Galvin’s office declined to say if the secretary has such plans. Debra O’Malley, a spokesperson, said Galvin “likely won’t be making any statements on this issue at least until after the deadline for the Legislature to act on the petitions.”

“That being said, there isn’t much that this office can say on the matter right now,” O’Malley wrote in an email to the News Service. “Unlike with the nomination paper issue, most of the ballot question petition requirements are constitutional, not statutory. The legislature wouldn’t be able to change the deadlines or the number of signatures required, since both are in the Constitution. That is why the (SJC) justices mentioned during the hearing that this issue is likely to come before them again soon.”
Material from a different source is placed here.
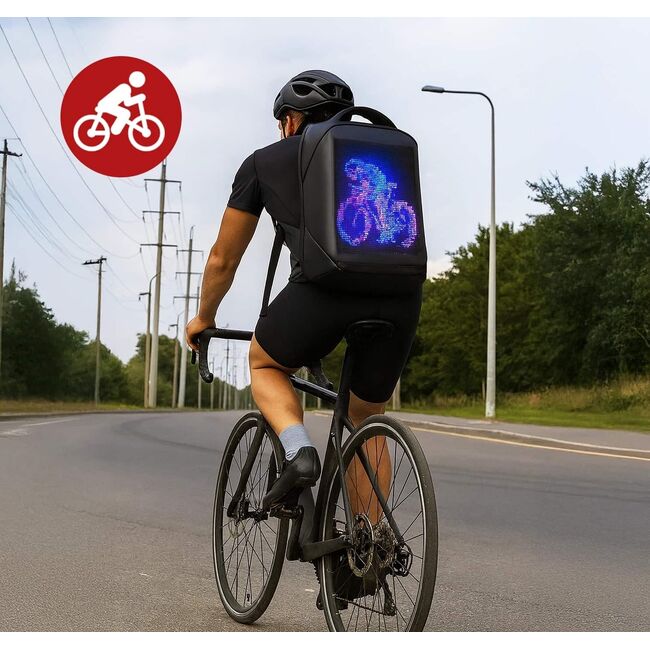 Rucsac LED SmartPack UrbanVision cu Display RGB 64x64, Mesaje Personalizate, Ideal pentru Promovare, Atentionare si Calatorii, Control App, Compartimente Laptop si Tableta, Material Impermeabil, negru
13,347 Signatures by July 1

Each of the four campaigns in December submitted more than the 80,239 certified signatures required for that step, placing their proposals before the Legislature.

Under sections of the state constitution outlining initiative petitions, the House and Senate have until May 5 to act on the suggested law changes. If they do not, supporters must collect another 13,347 signatures by July 1 to guarantee that their question will be on the ballot if a legislative solution is not reached before then.

Lawmakers hosted committee hearings on the ballot questions, but the branches appear unlikely to take up any of the proposed bills by the fast-approaching deadline, particularly given that the House and Senate are both operating in the COVID-19 era of informal sessions where one member’s opposition could stall any topic.

“Given the current public health crisis, it’s unlikely the Senate will act before May 5,” Antonio Caban, a spokesman for Senate President Karen Spilka, said in a statement to the News Service.

House Speaker Robert DeLeo’s Office declined to comment.

McCormick said the campaign remains “hopeful” for action from the Legislature, noting there are dozens of co-sponsors who back a ranked-choice voting system and arguing that the proposal meshes with vote-by-mail “like peanut butter and jelly.” However, she said none of the campaigns can rest with certainty.

“We basically have to do both-and,” she said. “In these times, you have to take every option available to you to try to fix a broken system.”

A representative for the beer and wine sales campaign did not respond to a News Service inquiry.